Probation ordered in shovel attack
Wailuku defendant agreed, ‘I made some mistakes’
WAILUKU — A second defendant was placed on four years’ probation Thursday after being convicted of assaulting a man who reported being beaten with a shovel and terrorized in his house in Kahakuloa Village.
Kaulana Alo Kaonohi, 29, of Wailuku apologized to homeowner Christopher Kunzelman. He said he had been planning to spend his first night in the house he was renovating when he was attacked Feb. 13, 2014.
Back then, “I had a different mentality about things,” Alo Kaonohi said in court. “I made some mistakes.”
“Would you agree they were more than mistakes?” 2nd Circuit Judge Peter Cahill asked.
“Yes,” Alo Kaonohi said. “I have grown over these past five years.”
Defense attorney Matthew Nardi said Alo Kaonohi recently had his first child.
“That was a huge life-changing event for him,” Nardi said. “That’s his focus in life right now.
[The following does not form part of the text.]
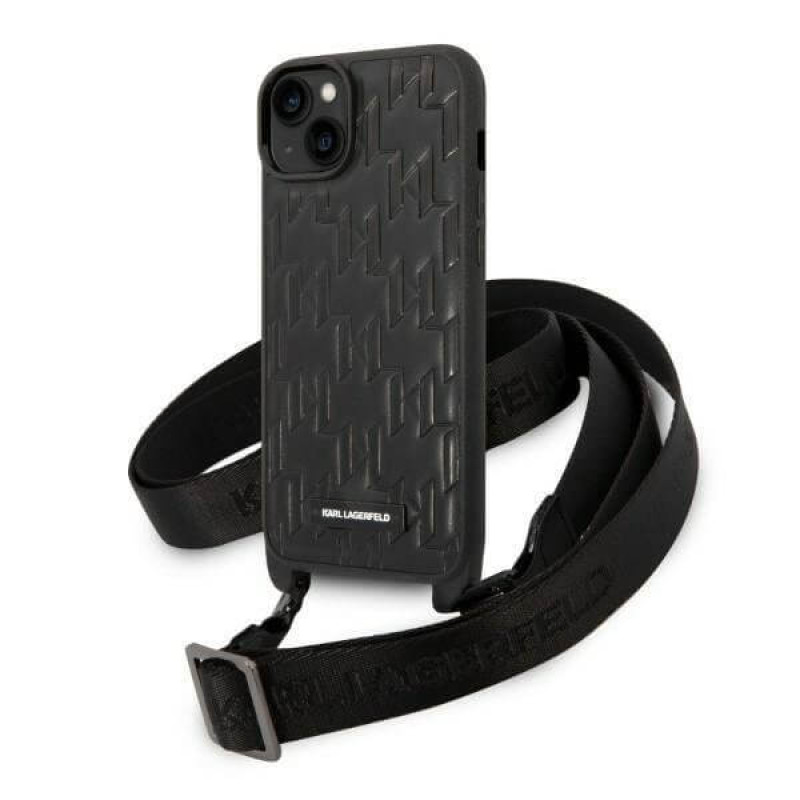 Karl Lagerfeld iPhone 14 Plus - Monogram Plaque Logo Strap Σκληρή Θήκη με Επένδυση Συνθετικού Δέρματος και Λουράκι - Black - KLHCP14MSTMMK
I’m confident that nothing like this, no attack, no physical altercation, is ever going to happen with him again because his priorities are set in stone.”
He said Alo Kaonohi, a carpenter, has led efforts to rebuild Kahakuloa Hawaiian Congregational Church.
“He wants to be a good father, a hard worker and a valuable member of our society,” Nardi said.
Alo Kaonohi had pleaded no contest to first-degree assault, with charges of first-degree burglary, first-degree terroristic threatening, second-degree theft and first-degree criminal property damage dismissed. A plea agreement between the defense and prosecution recommended probation for Alo Kaonohi.
“My main concern is justice,” said Kunzelman, who traveled from the Mainland for the sentencing hearing. “Justice in this case is not probation.”
Kunzelman said he wanted the judge to hold a roofing shovel like the one that Kunzelman said had been used to hit him on the back of his head that night.
“I was physically attacked using what I consider a deadly weapon,” Kunzelman said.
He said Alo Kaonohi and co-defendant Levi “Pio” Aki Jr. had approached the property from the rocky beach. Kunzelman reported that they said, “It’s nothing personal, you just have the wrong f—ing color skin.”
Kunzelman reported being knocked unconscious and kicked repeatedly before he and his uncle fled.
In court Thursday, Kunzelman referred to another stranger who was attacked by Alo Kaonohi in a bar on July 20, 2014.
Judge Cahill said he wasn’t considering that case in sentencing Alo Kaonohi, although he was familiar with the facts from a civil proceeding in his court.
For the bar assault, Alo Kaonohi was sentenced last year to a one-year jail term as part of four years’ probation after he had pleaded no contest to second-degree assault. He was later granted a recessed sentence allowing him to leave the jail to go to work, according to court records.
“I paid the price for my actions in my other cases,” Alo Kaonohi said. “I’m just trying to get past all this and move on with my life.”
Judge Cahill said the plea agreement in the Kahakuloa case was reached as “this case was on the verge of being dismissed.”
Alo Kaonohi was ordered to complete anger management classes as part of his probation.
“I appreciate the respect you’ve shown to me,” Kunzelman said to the judge at the end of the sentencing hearing. “I’m absolutely not happy with the result. I feel like the only person in the United States of America who cannot go back to his own home because of the color of his skin. And that’s disappointing.”
A restitution hearing for Alo Kaonohi and Aki is set for Jan. 23.
Last month, Aki was sentenced to four years’ probation and was given credit for more than six months he had spent in jail. He had pleaded no contest to first-degree terroristic threatening.